Environment Variables
You can reference environment variables inside flinkConfiguration
through shell format strings:
kind: SessionCluster
spec:
flinkConfiguration:
s3.access-key: ${S3_ACCESS_KEY}
This allows you to store sensitive information such as passwords, keys and tokens as Kubernetes secrets and reference them by setting up an environment variable via Kubernetes Pod Templates or a custom Flink Docker image.
File Systems
The default Flink Docker images provided by Ververica Platform include FileSystem implementations for popular blob storage providers.
Blob Storage Provider | Scheme | FileSystem Implementation |
---|---|---|
File System | file | LocalFileSystem |
AWS S3 | s3 , s3p | PrestoS3FileSystem |
AWS S3 | s3a | S3AFileSystem |
Microsoft ABS | wasbs | NativeAzureFileSystem |
Apache Hadoop® HDFS | hdfs | HadoopFileSystem |
Microsoft ABS Workload Identity | wiaz | Ververica custom plugin implementation |
If you use Universal Blob Storage, all relevant Flink options, including credentials, will be configured on the Flink cluster-level. Please consult the official Flink documentation for details about manual configuration of file systems.
Note that additional file system implementations have to be loaded as Flink plugins which requires a custom Flink Docker image.
High-Availability (Jobmanager Failover)
Flink requires an external service for high-availability in order to be able to recover the internal state of the Flink Jobmanager process (including metadata about checkpoints) on failures.

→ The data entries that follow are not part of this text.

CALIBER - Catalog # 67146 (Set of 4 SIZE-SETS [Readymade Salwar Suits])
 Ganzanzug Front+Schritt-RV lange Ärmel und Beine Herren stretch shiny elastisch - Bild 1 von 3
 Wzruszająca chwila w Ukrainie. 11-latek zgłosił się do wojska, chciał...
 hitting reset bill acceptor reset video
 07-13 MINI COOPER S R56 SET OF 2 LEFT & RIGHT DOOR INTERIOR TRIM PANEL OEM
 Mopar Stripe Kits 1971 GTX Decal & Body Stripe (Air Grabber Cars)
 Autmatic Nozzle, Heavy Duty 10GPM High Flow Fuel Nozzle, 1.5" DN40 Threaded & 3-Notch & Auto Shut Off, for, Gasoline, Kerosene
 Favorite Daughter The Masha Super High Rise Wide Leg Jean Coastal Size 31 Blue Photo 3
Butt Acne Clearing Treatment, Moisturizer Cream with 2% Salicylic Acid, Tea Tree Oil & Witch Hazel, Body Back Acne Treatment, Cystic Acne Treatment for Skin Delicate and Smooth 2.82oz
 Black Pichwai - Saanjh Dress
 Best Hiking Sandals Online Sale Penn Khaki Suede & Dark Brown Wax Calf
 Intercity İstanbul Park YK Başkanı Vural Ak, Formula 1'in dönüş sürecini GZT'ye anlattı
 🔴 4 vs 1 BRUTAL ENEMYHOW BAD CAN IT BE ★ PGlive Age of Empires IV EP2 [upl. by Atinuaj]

By default, Flink Jobmanager failover is not enabled. For production installations it is highly recommended to configure Flink with such a service. Please refer to the Flink configuration for details on how to configure high-availability services manually.
Kubernetes
Ververica Platform supports two options for Flink high-availability services on Kubernetes that do not have any additional dependencies, Flink Kubernetes and Ververica Platform Kubernetes. See Kubernetes High-Availability Service for discussion.
Flink Kubernetes
The high-availability service is enabled via the following configuration:
kind: SessionCluster
spec:
flinkConfiguration:
high-availability: kubernetes
If Universal Blob Storage
is not configured, you have to additionally provide the
high-availability.storageDir
configuration.